Flotar en un océano cálido, con el sol dándome en la barriga… Esto es lo que he soñado durante todo mi embarazo. Después de pasar la mayor parte de él en Nueva York, me pilló por sorpresa la repentina sensación de ligereza que sentí en el cuerpo y en la mente al adentrarme en el océano, y cómo el peso que había estado cargando se me quitó de encima por primera vez en meses.

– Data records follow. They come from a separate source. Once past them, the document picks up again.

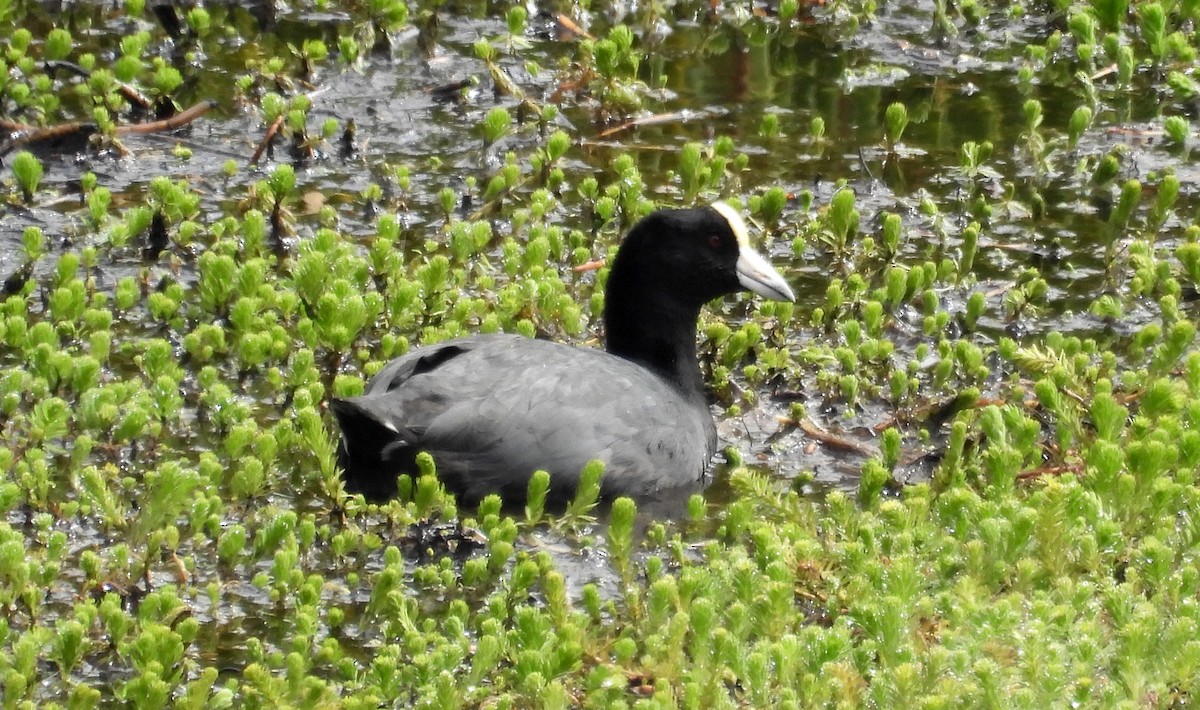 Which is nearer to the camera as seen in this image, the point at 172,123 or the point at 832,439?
the point at 832,439

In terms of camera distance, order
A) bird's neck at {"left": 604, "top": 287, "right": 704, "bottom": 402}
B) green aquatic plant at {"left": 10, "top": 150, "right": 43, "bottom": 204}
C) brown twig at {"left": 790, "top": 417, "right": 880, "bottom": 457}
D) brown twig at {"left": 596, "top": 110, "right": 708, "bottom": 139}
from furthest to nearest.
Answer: brown twig at {"left": 596, "top": 110, "right": 708, "bottom": 139} < green aquatic plant at {"left": 10, "top": 150, "right": 43, "bottom": 204} < bird's neck at {"left": 604, "top": 287, "right": 704, "bottom": 402} < brown twig at {"left": 790, "top": 417, "right": 880, "bottom": 457}

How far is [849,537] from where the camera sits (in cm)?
548

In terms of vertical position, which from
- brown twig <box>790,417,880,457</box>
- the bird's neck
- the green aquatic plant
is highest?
the green aquatic plant

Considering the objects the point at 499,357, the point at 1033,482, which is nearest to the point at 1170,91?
the point at 1033,482

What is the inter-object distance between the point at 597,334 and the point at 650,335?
19.9 inches

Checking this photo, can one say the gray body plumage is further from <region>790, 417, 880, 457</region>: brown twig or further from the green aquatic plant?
the green aquatic plant

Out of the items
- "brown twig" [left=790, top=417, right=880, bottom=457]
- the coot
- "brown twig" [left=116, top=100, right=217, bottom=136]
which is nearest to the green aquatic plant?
"brown twig" [left=116, top=100, right=217, bottom=136]

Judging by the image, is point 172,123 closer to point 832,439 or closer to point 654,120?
point 654,120

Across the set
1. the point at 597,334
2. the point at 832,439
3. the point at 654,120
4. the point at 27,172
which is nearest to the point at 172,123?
the point at 27,172

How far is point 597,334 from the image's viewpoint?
24.6 ft

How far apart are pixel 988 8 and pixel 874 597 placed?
684 centimetres

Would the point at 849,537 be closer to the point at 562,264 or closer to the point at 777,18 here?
the point at 562,264

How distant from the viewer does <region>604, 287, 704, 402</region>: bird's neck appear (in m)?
7.02

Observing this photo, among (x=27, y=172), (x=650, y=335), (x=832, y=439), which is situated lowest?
(x=832, y=439)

Siempre me ha parecido que el término «babymoon» resulta un poco desagradable, incluso excesivamente caprichoso. No está tan extendido en el vocabulario de las vacaciones como «luna de miel», «despedida de soltera» o «50.º cumpleaños». De hecho, el término se acuñó por primera vez a principios de los años 90 y hacía referencia a un periodo de tiempo que los padres pasaban a solas con su nuevo hijo poco después de su nacimiento.
Pero deseaba con todas mis fuerzas pasar unos días a solas con mi pareja, solo él y yo, para sentir mi cuerpo de embarazada allí donde me siento más feliz: sumergida en el agua, bañada por el sol. Estaba de unos siete meses de embarazo cuando mi marido y yo viajamos a la Riviera Maya,en México, para pasar un fin de semana largo enEtéreo, Auberge Collection, con el objetivo de disfrutar de su nuevo paquete «babymoon». La breve duración del vuelo (solo cinco horas desde Nueva York) hace que la región sea ideal para un viaje durante el embarazo, si te gusta el ambiente tropical, y el itinerario personalizado de Etéreo, «Babymoon in Paradise», prometía hacer que nuestro fin de semana fuera aún más especial.